Marketing or just misleading?
Where this becomes a trick is when you’re marketing numbers. If you’ve ever wondered why your RAM is always in weird numbers (ex: 8 GB, 16 GB, 32 GB, 64 GB) it’s because they’re all powers of two. Storage, however, uses base 10 for its marketed storage. Storage and RAM both use the same terms, gigabytes and megabytes, but they give you different equivalent amounts. What gives?
Let’s look through a quick chart to compare the Base 2 and Base 10 terms and capacities.

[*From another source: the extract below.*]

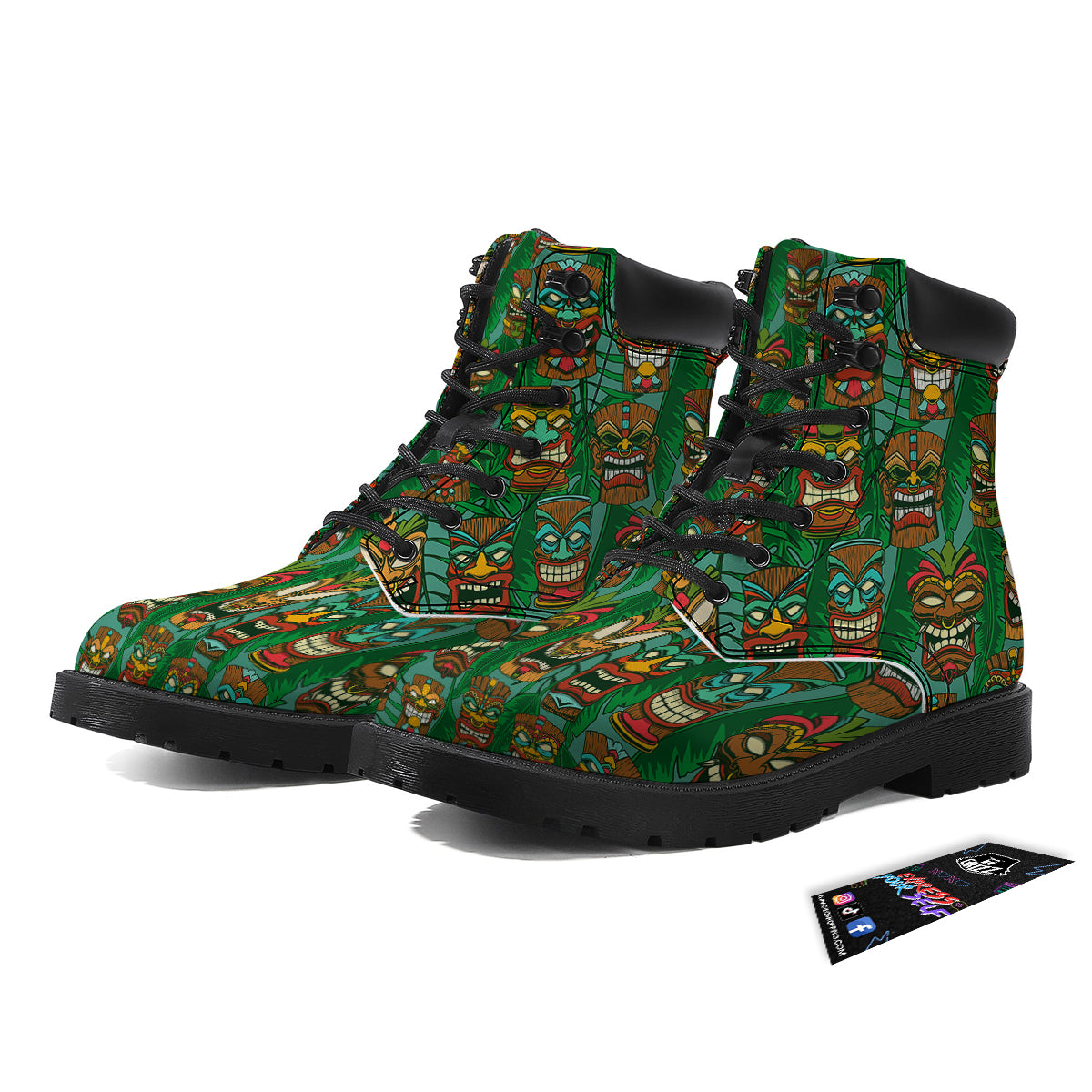Tiki Wooden Print Pattern Boots-grizzshop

|Unit||Base 10 Term||Base 10 Capacity||Base 2 Term||Base 2 Capacity|
|Base unit||Byte (B)||10 bits||Byte||8 bits|
|Thousand||Kilobyte (KB)||1,000 bytes||Kibibyte (KiB)||1024 bytes|
|Million||Megabyte (MB)||1,000 Kilobytes or 1,000,000 bytes||Mebibyte
|1024 Kibibytes or
|Billion||Gigabyte (GB)||1,000 Megabytes or 1,000,000,000 bytes||Gibibyte
|1024 Mebibytes or 1,073,741,824 bytes|
|Trillion||Terabyte (TB)||1,000 Gigabytes or 1,000,000,000,000 bytes||Tebibyte
|1024 Gibibytes or 1,099,511,627,776 bytes|
|Quadrillion||Petabyte (PB)||1,000 Terabytes or 1,000,000,000,000,000 bytes||Pebibyte
|1024 Tebibytes or 1,125,899,906,842,624 bytes|
Even though storage is marketed in base 10, computers store data in powers of two. So when a computer saves what we call one “kilobyte” of data, it actually stores 1,024 bytes. But … that’s not the proper name for it. It should be one kibibyte, which is the powers of two option. So, while RAM comes in the base 2 number, it then misnames it by calling it a gigabyte instead of a gibibyte. Storage properly calls it a gigabyte, even though it’s stored and used in gibibytes. It’s all wonderfully confusing.
|What You Buy||What You Get, Base 2||What You Get, Base 10||What’s Wrong?|
|8 Gigabytes of RAM||8 Gibibytes||8.59 Gigabytes||Sold as gigabytes, but is actually gibibytes|
|768 Gigabytes of RAM||768 Gibibytes||824.6 Gigabytes||Sold as gigabytes but is actually gibibytes|
|256 Gigabyte SD card||238.4 Gibibytes||256 Gigabytes||Sold as gigabytes, shows up in computers as Gibibytes|
|6 TB HDD||5.45 Tebibytes||6 Terabytes||Sold as terabytes, shows up in computers as Tebibytes|
It quickly becomes easy to see how the minor difference of measurement, two bits, really shows in the real world. When you’re talking the difference of one megabyte vs one mebibyte, you’re looking at only 47 kibibytes difference, which isn’t that noticeable to most people. When you’re looking at one terabyte or tebibyte, however, the gap is 92 gibibytes, which is a lot of storage. How did we get to this situation?
It starts many years ago, the terms for base 2 (kibibyte, mebibyte, etc.) didn’t actually have a standard usage until 2000, when the IEC set one. The standard was specifically created to solve the confusion between base 10 metric numbers (10, 20, 30, 40, etc.) and base 2 binary numbers (8, 16, 32, 64). By 2000, it was pretty much too late to change people over to using the new system, which is why in most of your OSes, the capacity still shows in GB, not GiB, even though technically, it is GiB that it’s using.
So, when planning your storage, always think (and ask) whether people are talking about base 2 or base 10 numbers to make sure you get what you expect. This ties directly in with the vendor practice of selling storage capacity pre-RAID. If you put together base 10 and pre-RAID capacities, you may only end up getting 60 percent of the storage you thought you were buying in the end.